The problem
From the entries below, please gather each line containing the string "human".

Dataset entries
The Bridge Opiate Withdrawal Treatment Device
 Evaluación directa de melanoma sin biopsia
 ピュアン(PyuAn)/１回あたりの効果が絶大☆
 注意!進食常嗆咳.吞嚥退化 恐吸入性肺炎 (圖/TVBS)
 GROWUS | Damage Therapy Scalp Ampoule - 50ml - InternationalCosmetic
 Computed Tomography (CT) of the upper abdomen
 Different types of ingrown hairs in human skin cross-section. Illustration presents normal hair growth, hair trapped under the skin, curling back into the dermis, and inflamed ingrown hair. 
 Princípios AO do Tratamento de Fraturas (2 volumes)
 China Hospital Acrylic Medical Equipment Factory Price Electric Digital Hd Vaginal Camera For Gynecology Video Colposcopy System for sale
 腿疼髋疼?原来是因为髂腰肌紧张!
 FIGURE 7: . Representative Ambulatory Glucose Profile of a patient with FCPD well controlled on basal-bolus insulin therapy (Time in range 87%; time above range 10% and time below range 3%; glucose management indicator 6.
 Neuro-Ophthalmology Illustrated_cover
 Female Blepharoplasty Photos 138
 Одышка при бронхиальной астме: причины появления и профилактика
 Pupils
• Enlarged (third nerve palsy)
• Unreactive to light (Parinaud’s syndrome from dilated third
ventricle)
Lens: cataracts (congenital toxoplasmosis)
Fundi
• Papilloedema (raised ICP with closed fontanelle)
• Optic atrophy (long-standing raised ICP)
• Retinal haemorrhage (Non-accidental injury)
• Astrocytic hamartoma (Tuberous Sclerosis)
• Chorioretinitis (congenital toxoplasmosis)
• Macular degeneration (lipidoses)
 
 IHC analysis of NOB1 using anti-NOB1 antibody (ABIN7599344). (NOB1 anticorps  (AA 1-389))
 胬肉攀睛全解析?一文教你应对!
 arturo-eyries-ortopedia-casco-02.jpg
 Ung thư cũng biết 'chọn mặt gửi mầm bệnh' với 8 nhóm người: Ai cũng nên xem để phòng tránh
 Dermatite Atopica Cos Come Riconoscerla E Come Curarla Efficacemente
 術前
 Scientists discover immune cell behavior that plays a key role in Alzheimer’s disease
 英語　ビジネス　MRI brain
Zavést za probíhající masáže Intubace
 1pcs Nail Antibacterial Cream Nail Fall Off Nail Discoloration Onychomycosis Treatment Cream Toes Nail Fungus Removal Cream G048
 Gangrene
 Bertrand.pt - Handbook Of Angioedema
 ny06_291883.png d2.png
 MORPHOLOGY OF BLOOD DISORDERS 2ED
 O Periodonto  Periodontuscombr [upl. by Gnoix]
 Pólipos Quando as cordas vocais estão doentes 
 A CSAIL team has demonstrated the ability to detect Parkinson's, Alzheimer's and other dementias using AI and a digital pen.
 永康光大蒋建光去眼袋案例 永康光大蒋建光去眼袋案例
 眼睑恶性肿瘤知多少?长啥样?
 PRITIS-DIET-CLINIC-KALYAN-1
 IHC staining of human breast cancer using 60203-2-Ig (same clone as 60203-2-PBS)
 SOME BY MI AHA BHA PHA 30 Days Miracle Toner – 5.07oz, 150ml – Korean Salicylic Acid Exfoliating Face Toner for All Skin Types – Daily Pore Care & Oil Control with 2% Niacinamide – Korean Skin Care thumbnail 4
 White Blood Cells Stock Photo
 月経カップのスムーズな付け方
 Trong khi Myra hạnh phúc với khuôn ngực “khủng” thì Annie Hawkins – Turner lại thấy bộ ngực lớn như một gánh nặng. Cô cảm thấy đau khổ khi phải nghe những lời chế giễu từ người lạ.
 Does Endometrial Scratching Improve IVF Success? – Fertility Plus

Final answer
 Different types of ingrown hairs in human skin cross-section. Illustration presents normal hair growth, hair trapped under the skin, curling back into the dermis, and inflamed ingrown hair. 
 IHC staining of human breast cancer using 60203-2-Ig (same clone as 60203-2-PBS)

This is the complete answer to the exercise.